ORAN- Rompre l’Iftar au bord de la mer est devenu une tendance qui s’est installée et généralisée ces dernières années à Oran. Nombreuses sont les familles et les groupes d’amis à préférer rompre le jeûne au bord de la mer. Le cas de la plage Corales, sur la corniche oranaise, est révélateur de l’importance que prend cette tendance.
Corales-plage ne se désemplit jamais. Durant le mois sacré du ramadhan, elle connaît la même affluence, surtout à l’approche de l’Iftar.
Il est 18h00. De nombreuses familles sont déjà là depuis un moment. Les enfants jouent. Bruyants et ostentatoires. Deux gamins se « bombardent » à boules de sable, riant aux éclats à chaque fois que l’un d’eux est touché. Une petite fille découvre les joies de la baignade, un peu hésitante, elle est poussée par les encouragements de sa maman.
En dépit des cris de joie et des rires des enfants, les adultes restent calmes. La dureté des dernières heures de jeûne se lit sur les visages, blafards, qui peinent même à afficher une quelconque expression.
Trois femmes d’âge mûr, assises l’une à côté de l’autre, contemplent la mer, silencieuses, presque absentes. Pas loin d’elles, leur accompagnateur, vêtu d’une légère Abaya et d’une toque blanche, est plongé dans la lecture du Saint Coran, en se berçant légèrement. Complètement absorbé, rien ne semble pouvoir le déconcentrer.
Aux environs de 19h30, un silence presque lourd s’abat sur la plage. Jamais Coralès n’a jamais été aussi calme.
A mesure que le soleil tombait, les gens quittent la rive pour se préparer à rompre le jeûne, tout en contemplant la beauté du crépuscule offrant sa plus belle palette de couleur. Les petits nuages, enlaçant le disque couchant, se sont embrasés de mille feux.

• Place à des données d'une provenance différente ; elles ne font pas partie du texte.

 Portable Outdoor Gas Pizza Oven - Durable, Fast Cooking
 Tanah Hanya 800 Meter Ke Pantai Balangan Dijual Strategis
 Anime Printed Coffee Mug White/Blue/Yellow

A l’approche de l’heure de l’Adhan, tout le monde s’active pour installer « la table ». Une table et quelques chaises en plastique pour les mieux équipés, et un grand tapis pour ceux qui veulent le moins s’encombrer. On s’installe sur le trottoir, près des véhicules dont les phares sont allumés pour éclairer
les alentours. Cocottes-minutes contenant l’incontournable H’rira, glacières, plats et salades variées et riches en composantes, paniers en osiers, assiettes, cuillères, fourchettes et gobelets jetables, boissons et fruits frais garnissent ces tables de fortune.

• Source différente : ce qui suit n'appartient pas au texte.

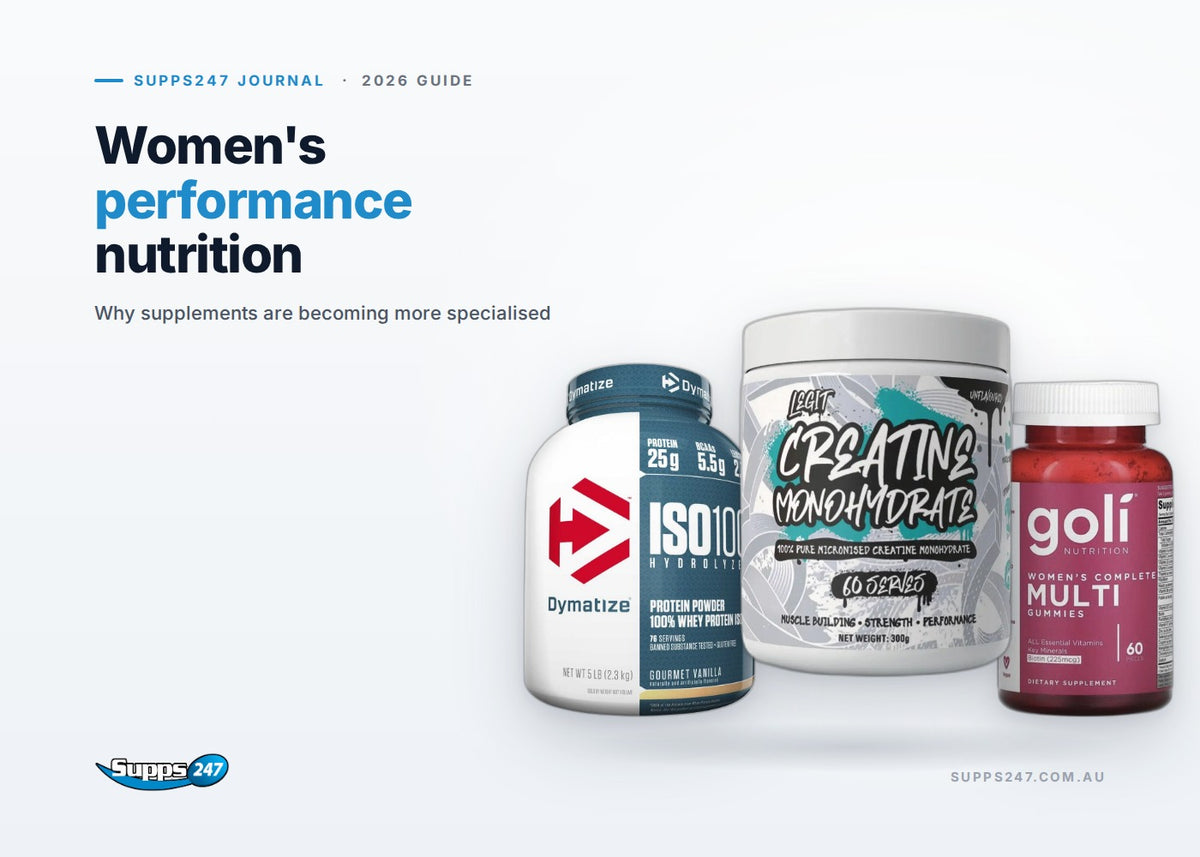 Women's performance nutrition: Why supplements are becoming more specialised. Supps247 journal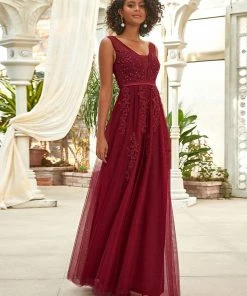Ever-Pretty US Maxi Long Elegant Ethereal Tulle Evening Dress SHOP BY OCCASION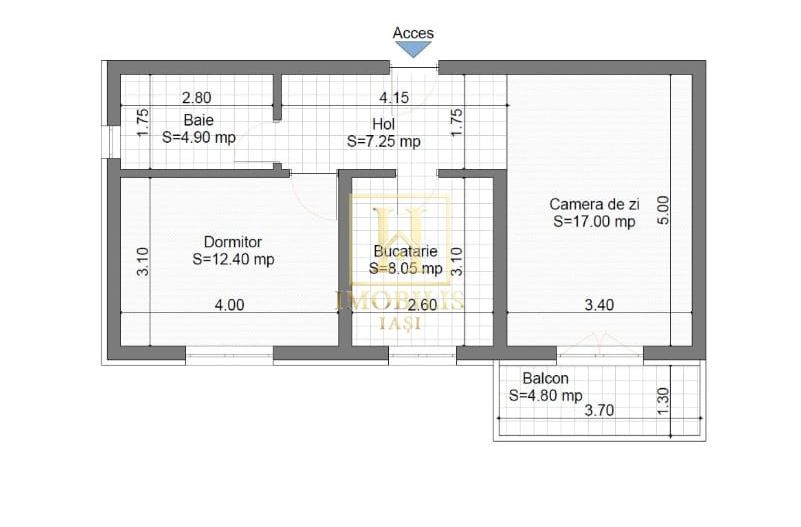 Ap. 2 camere dec INTABULAT 55mp+ loc de parcare V. Lupului 89900 euro - Poză 5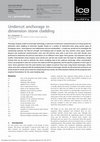 Research paper thumbnail of Undercut anchorage in dimension stone cladding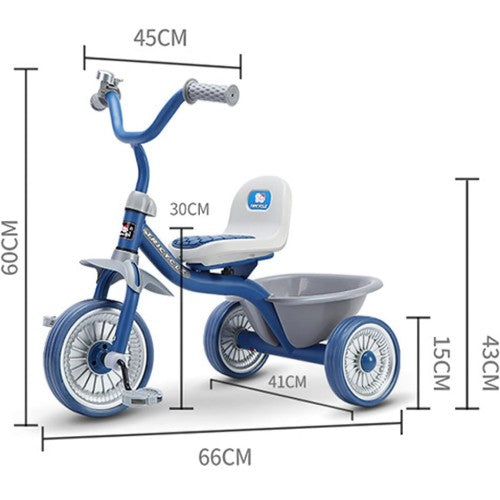 Kids Tricycle, Learning Balance Tricycle with Steel Frame, Adjustable Seat, Storage Bin, Silent Tires for Kids, 2 to 6 Year Old Kids Tricycle, Learning Balance Tricycle with Steel Frame, Adjustable Seat, Storage Bin, Silent Tires for Kids, 2 to 6 Year Old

On prépare même un petit feu pour les besoins de brochettes et autres grillades qui apporteront une saveur particulière à ce f’tour en bord de mer. La promesse d’une paisible soirée à la belle étoile se devine.
Chez Kacem
Sur la terrasse du restaurant « Chez Kacem », trois tables sont dressées. Naima, l’épouse de Kacem et gérante du restaurant, a pris l’habitude, depuis plus de quinze ans, de travailler au cours du mois du Ramadhan. Mais elle n’accepte qu’un nombre réduit de personnes. « Au maximum cinq familles qui doivent réserver à l’avance », explique-t-elle.
Les familles attablées ont les yeux rivés sur l’horizon, regardant une dernière fois le soleil qui se couche. Après l’appel à la prière d’El Maghreb, on entend plus que les tintements des cuillères. Tout le monde est concentré sur les plats servis et amoureusement préparés.

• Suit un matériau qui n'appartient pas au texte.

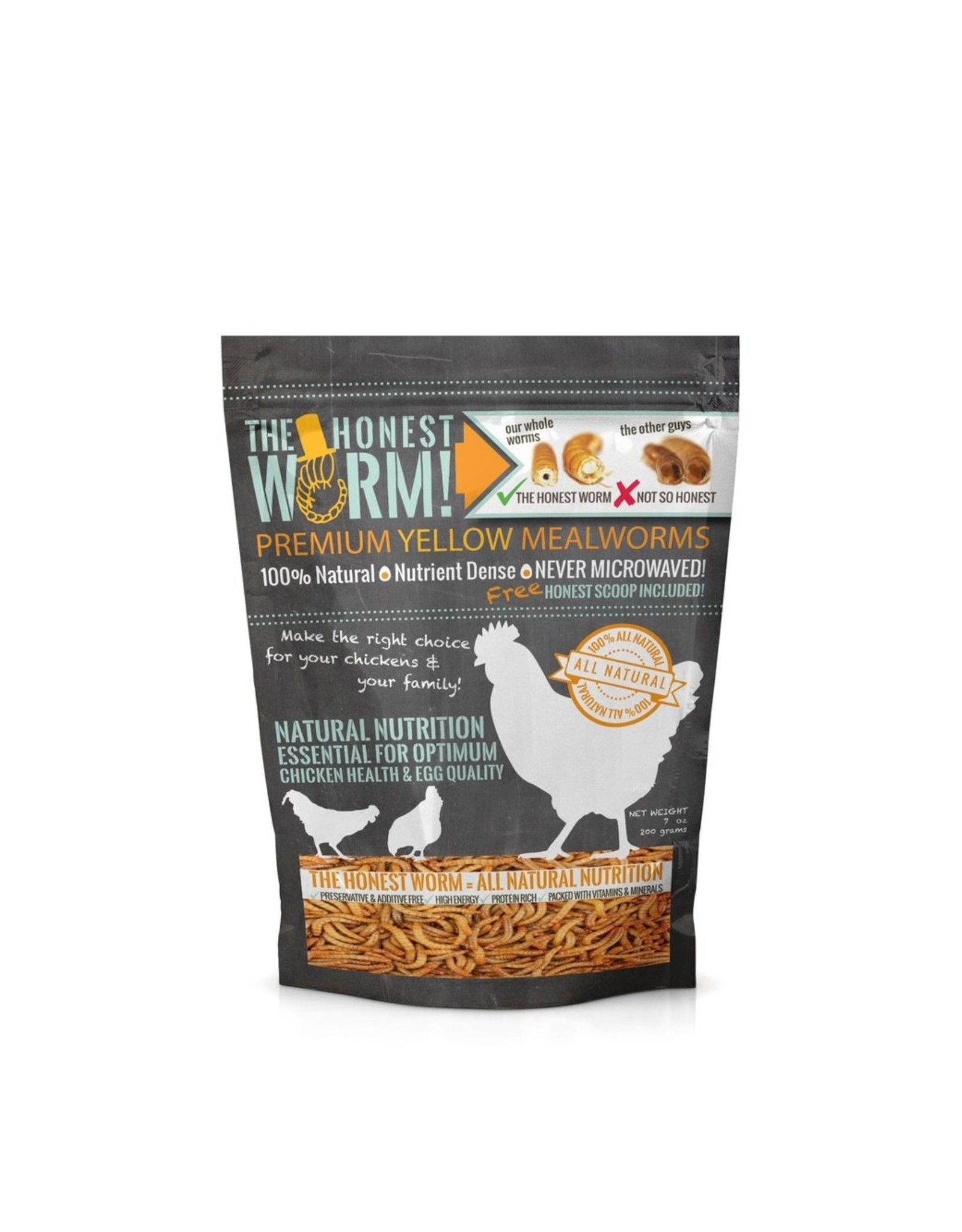 DAVE & MATTS CHICKEN STUFF THE HONEST WORM! FREEZE DRIED MEALWORMS 70Z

Sonia, une maman de trois enfants, rencontrée sur place, a confié qu’elle vient chez Kacem avec sa petite famille, une fois par semaine, le week-end en général, pour « casser la routine ».
« Je suis une femme active. J’ai trois enfants en bas âge. C’est pénible pour moi de cuisiner tous les jours », a-t-elle précisé, notant que ce restaurant, pratiquement le seul à ouvrir en ce mois, est une aubaine, car cette journée par semaine lui permet de souffler.
Sonia reconnaît même avoir emmené ses invités du Ramadhan chez Kacem. Le rapport qualité-prix est apparemment intéressant dans ce petit restaurant.
Un menu-type ramadhan, soit une h’rira, des bouraks, une salade et un plat pour 4 personnes reviendrait aux alentours de 3.500 DA. « C’est parfois moins que ce qu’on dépense dans un menu préparé à la maison », s’est-elle exclamée.
Ryad, l’époux de Sonia, trouve que c’est très reposant de diner au bord de la mer. « C’est aussi une bonne occasion de profiter de la plage dans le calme, ce qui n’est pas possible en temps normal », a-t-il dit.
Une fois El iftar terminé, les rares occupants de la plage commencent à partir. Certains ne résistent pas à l’appel de la mer pour piquer une tête dans l’eau tiède. D’autres baigneurs, beaucoup plus nombreux, qui ont diné chez eux, ne tardent pas à les remplacer et à créer, eux aussi, une ambiance particulière qui se prolongera jusqu’à l’aube.